ABA Taps Professor to Examine Quarantine Laws.
Wendy Mariner, Edward R. Utley professor of health law, has been appointed the American Bar Association (ABA) section advisor to the Uniform Law Commission’s Study Committee on Declarations of Quarantine.
The Ebola outbreak in West Africa, and fear that it could spread to the US, prompted judges and lawyers to take a fresh look at states’ quarantine laws.
The Uniform Law Commission, which develops model state legislation to ensure “clarity and stability in critical areas of state statutory law,” created the study committee to explore whether there is a need for uniform state legislation governing when and how quarantines are undertaken, with special attention to job protection and compensation for individuals in voluntary or involuntary quarantine.
Together with her colleagues in the Center for Health Law, Ethics & Human Rights, Mariner studies the constitutionality of quarantine in conditions of uncertainty, and its practical effects on individuals and health professionals. Quarantines are drastic measures, employed rarely—usually in the face of an emergency, Mariner explains.
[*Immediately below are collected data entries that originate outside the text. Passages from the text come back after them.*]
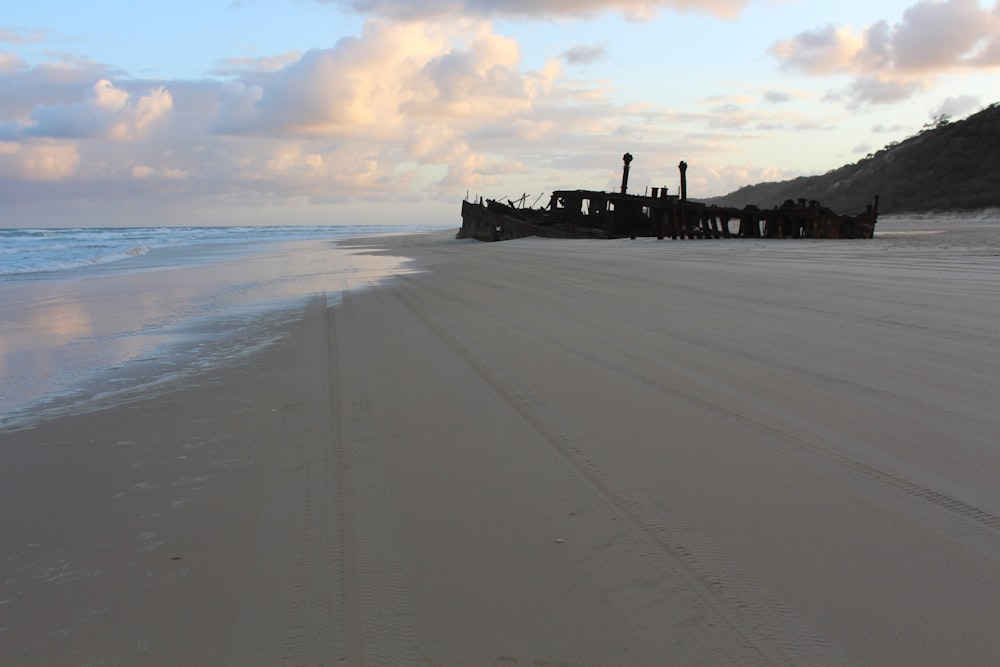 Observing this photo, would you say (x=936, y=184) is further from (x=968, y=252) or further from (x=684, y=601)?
(x=684, y=601)

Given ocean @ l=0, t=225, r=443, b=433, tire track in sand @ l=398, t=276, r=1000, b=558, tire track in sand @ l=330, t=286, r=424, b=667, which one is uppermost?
tire track in sand @ l=398, t=276, r=1000, b=558

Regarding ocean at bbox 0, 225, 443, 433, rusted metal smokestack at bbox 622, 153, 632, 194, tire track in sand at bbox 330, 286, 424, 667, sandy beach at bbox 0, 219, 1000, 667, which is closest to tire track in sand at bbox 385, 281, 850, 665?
sandy beach at bbox 0, 219, 1000, 667

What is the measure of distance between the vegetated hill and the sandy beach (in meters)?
34.7

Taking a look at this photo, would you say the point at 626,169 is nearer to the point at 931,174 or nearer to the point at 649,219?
the point at 649,219

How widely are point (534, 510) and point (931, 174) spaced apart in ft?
153

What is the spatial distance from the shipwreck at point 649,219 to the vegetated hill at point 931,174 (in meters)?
9.73

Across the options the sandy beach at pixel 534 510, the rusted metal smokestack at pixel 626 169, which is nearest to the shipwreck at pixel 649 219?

For this reason, “we should be thoughtful about declaring emergencies, because emergencies permit exceptions to the rules.
“If the risk of an emergency continues indefinitely—as with the risk of terrorism or a possible epidemic—then the exception becomes the rule, and the rule of law itself is compromised.”
In addition to her professorship at SPH, Mariner is also a professor in both the School of Law and the School of Medicine, as well as co-director of the JD and master’s in public health (MPH) joint degree program.
She is a member of the governing council of the ABA’s Section of Civil Rights and Social Justice, and the ABA Special Committee on Bioethics and the Law. She has served on numerous other state, national, and international boards and commissions, including the National Institutes of Health AIDS Advisory Committee, the Committee for the International Ethical Guidelines for Biomedical Research Involving Human Subjects, and the Executive Board of the American Public Health Association.
“It is an honor to work with the Uniform Law Commission,” says Mariner. “It also offers a valuable opportunity to translate the Center’s research into effective policy supporting public health and human rights.”